PROBLEM STATEMENT. At the line with "スカート | レディース", start transcribing; stop after the last line of the data below. Keep it exact and leave pictures out.

-- EXTRACTED ENTRIES follows --

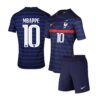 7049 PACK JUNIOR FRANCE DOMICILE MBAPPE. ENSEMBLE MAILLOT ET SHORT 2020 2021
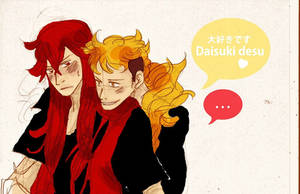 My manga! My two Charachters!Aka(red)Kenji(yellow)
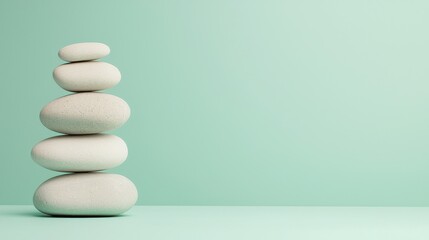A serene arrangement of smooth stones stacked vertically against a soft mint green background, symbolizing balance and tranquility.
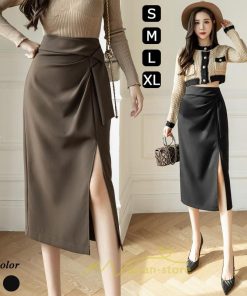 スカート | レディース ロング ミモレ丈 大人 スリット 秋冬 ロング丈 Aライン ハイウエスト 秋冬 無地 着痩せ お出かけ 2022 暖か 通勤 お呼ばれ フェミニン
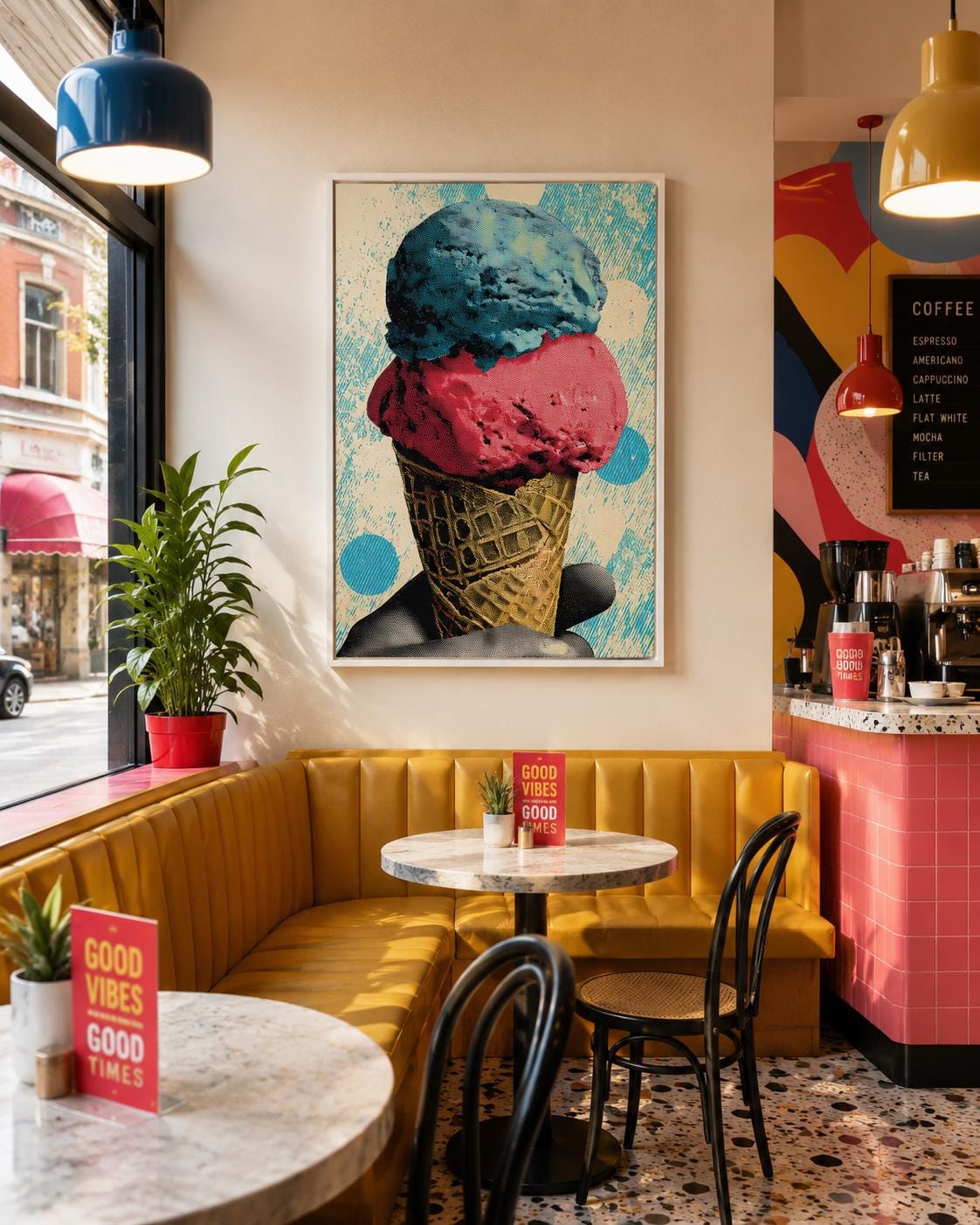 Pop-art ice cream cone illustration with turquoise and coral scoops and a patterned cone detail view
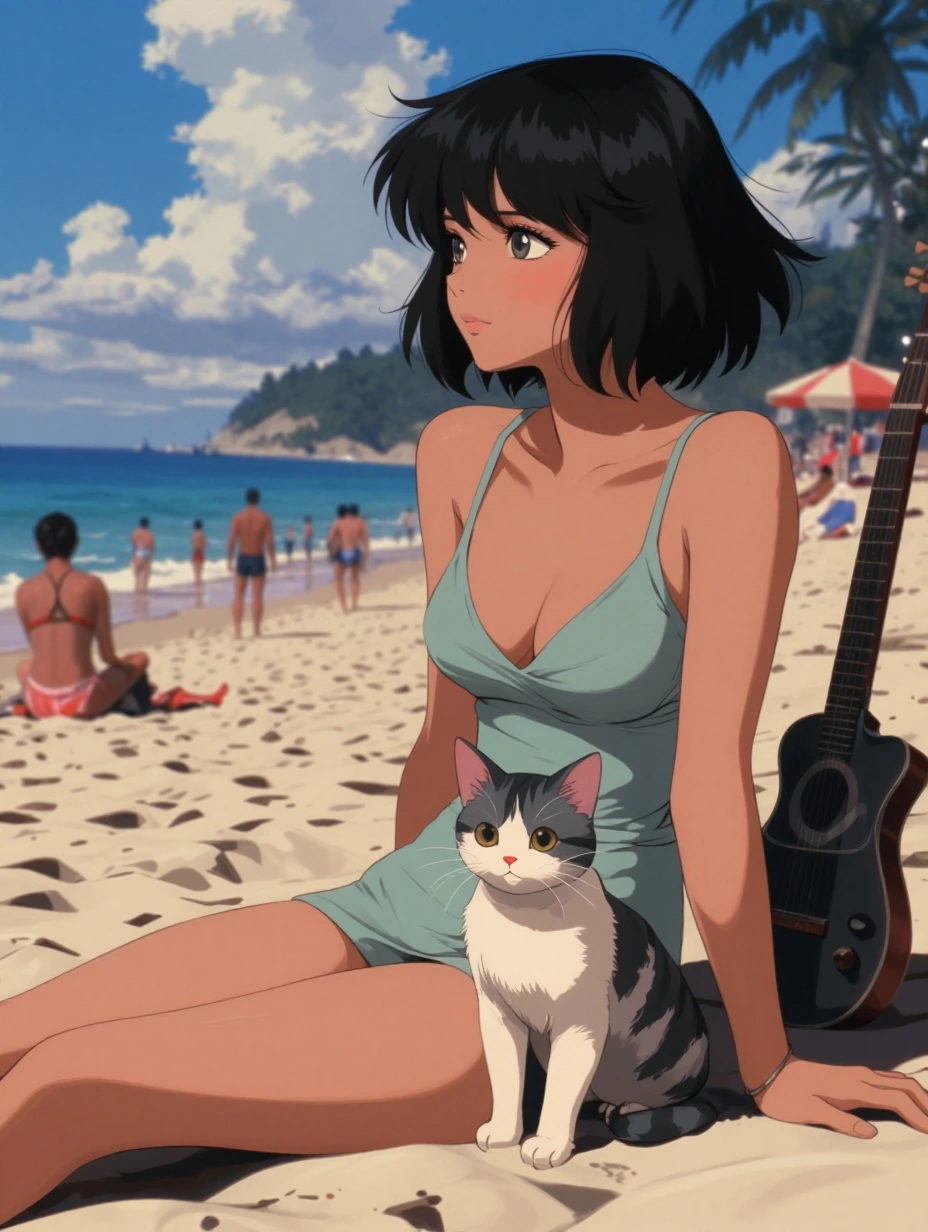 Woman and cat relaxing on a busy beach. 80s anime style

-- EXTRACTED ENTRIES concluded --

WRITTEN SOLUTION.
 スカート | レディース ロング ミモレ丈 大人 スリット 秋冬 ロング丈 Aライン ハイウエスト 秋冬 無地 着痩せ お出かけ 2022 暖か 通勤 お呼ばれ フェミニン
 Pop-art ice cream cone illustration with turquoise and coral scoops and a patterned cone detail view
 Woman and cat relaxing on a busy beach. 80s anime style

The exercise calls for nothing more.